マスクの窓から野球を見ればBACK NUMBER
横浜高の打撃を甲子園で見たかった。
絶妙だった「引っ張り」の意思統一。
posted2020/08/23 09:00
text by
安倍昌彦Masahiko Abe
photograph by
Kanagawa Shimbun/Kyodo News Images
夏の高校野球「神奈川大会」は、例年テレビ神奈川さんと湘南ケーブルネットワークさんが、試合のテレビ中継を行う。
テレビ神奈川さんは、県の高野連の先生方が解説をされるが、湘南ケーブルさんのほうは、主に神奈川の高校や大学出身の元選手、指導者の方たちが解説にあたる。
その湘南ケーブルさんの解説陣の末席に入れていただいて、今年で7年目になる。
「神奈川」の高校野球は、みんな上手い。
残念ながら初戦で敗退するようなチームでも、きちんとした野球ができる。
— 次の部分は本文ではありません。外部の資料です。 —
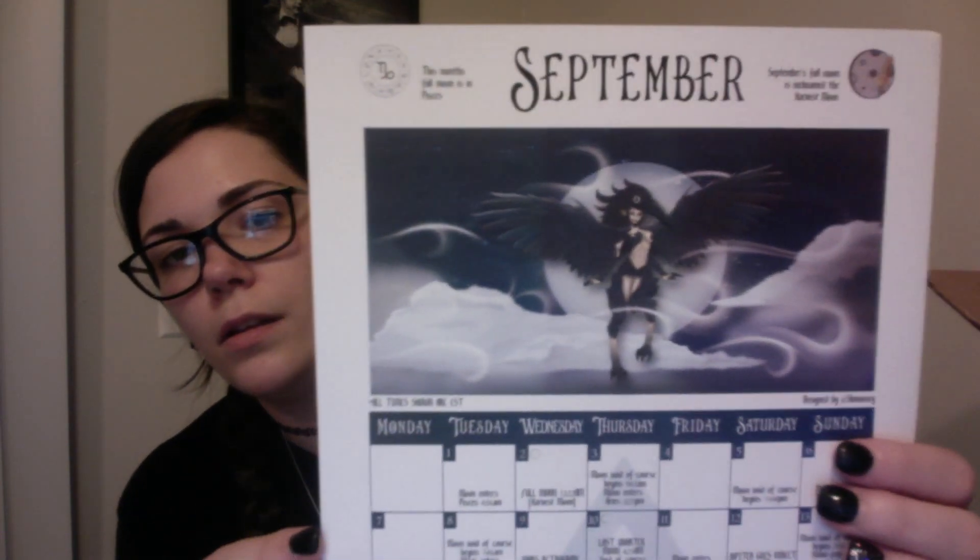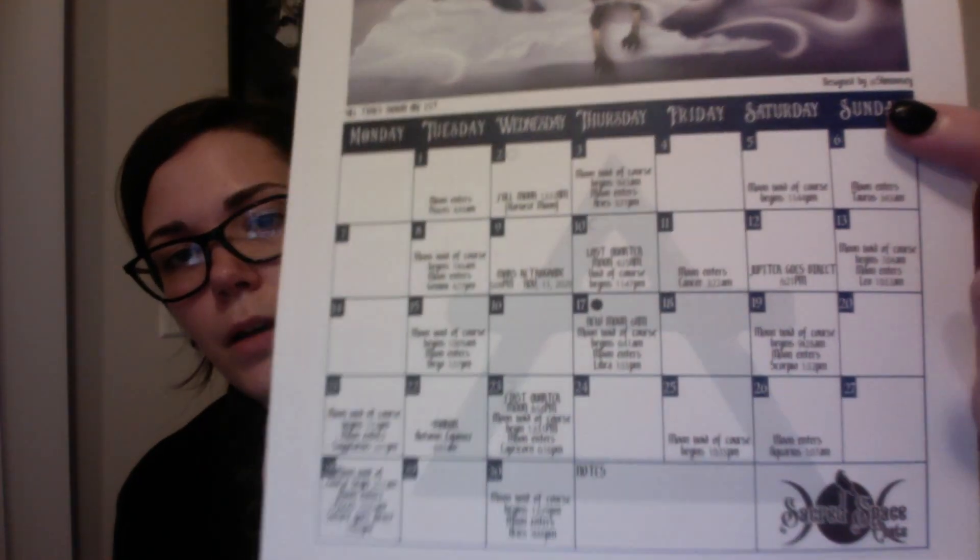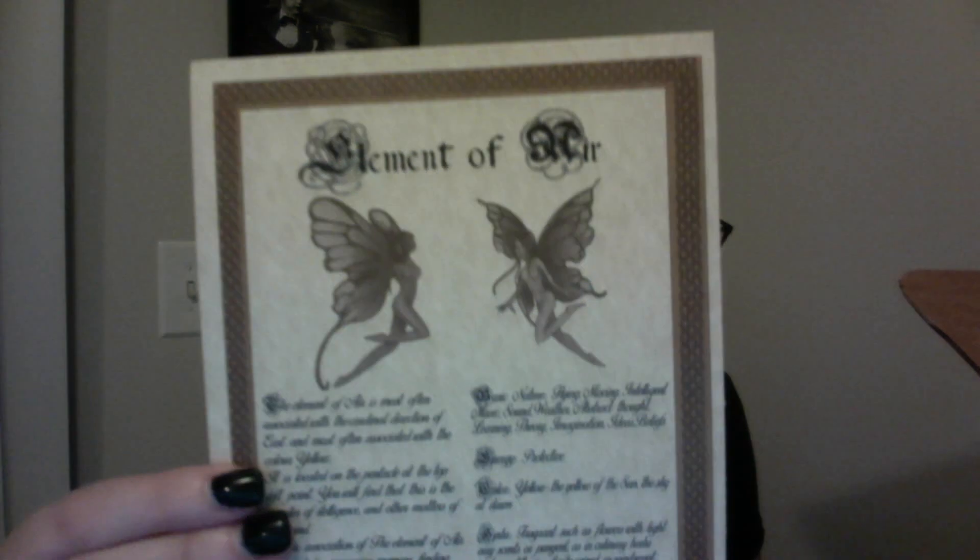We'll set that paperwork aside. Then we have the calendar for the month — very beautiful artwork. And then inside the box we have the elements of air info sheet — it looks like a bunch of information associated with the element of air, like a little book of shadows page. Gorgeous, I love it, and there are some fairies on it.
日々、腕を磨いてきた選手たちの努力と、指導されてきた方々の骨折りに頭が下がる。
2年生左腕を襲う横浜の強打。
2回戦、横浜高vs.戸塚高の試合が、解説の当番になった。公立校の中では「今年は相模原高と戸塚高が手ごわい……」そんな前評判が耳に届いていた。その通り、ほとんどの送球をストライクスローでつないでみせたシートノックから、戸塚高の意識の高さはネット裏にも伝わってきていた。
戸塚高の先発は、2年生左腕・川崎大輔。
小柄でも全身を使って、渾身の腕の振りから、速球、スライダー、カーブを駆使して、全国レベルの横浜高強打線に真っ向勝負だ。
初回、2人のランナーを許したが、4番・大手晴中堅手を詰まった二塁ゴロ併殺に打ち取って立ち上がりのピンチをしのいだ。さあ、ここから本来のリズムを取り戻すか……と思ったら、2回の攻撃で横浜高の強打線が川崎投手に襲いかかった。
横浜高5番・塚田陸翔右翼手のレフト前も強烈な打球だったが、その後の6番・冨田進悟左翼手のライト前は、打球が速すぎて球道を見失ってしまった。一塁手、二塁手ともに1歩も動けなかった弾丸ビーム。こんな打球を打つヤツが、「6番」なのか。
“最近の高校野球は、上手くなり過ぎたんじゃないですかねぇ”
解説のマイクに、思わず言いそうになって、呑み込んだ。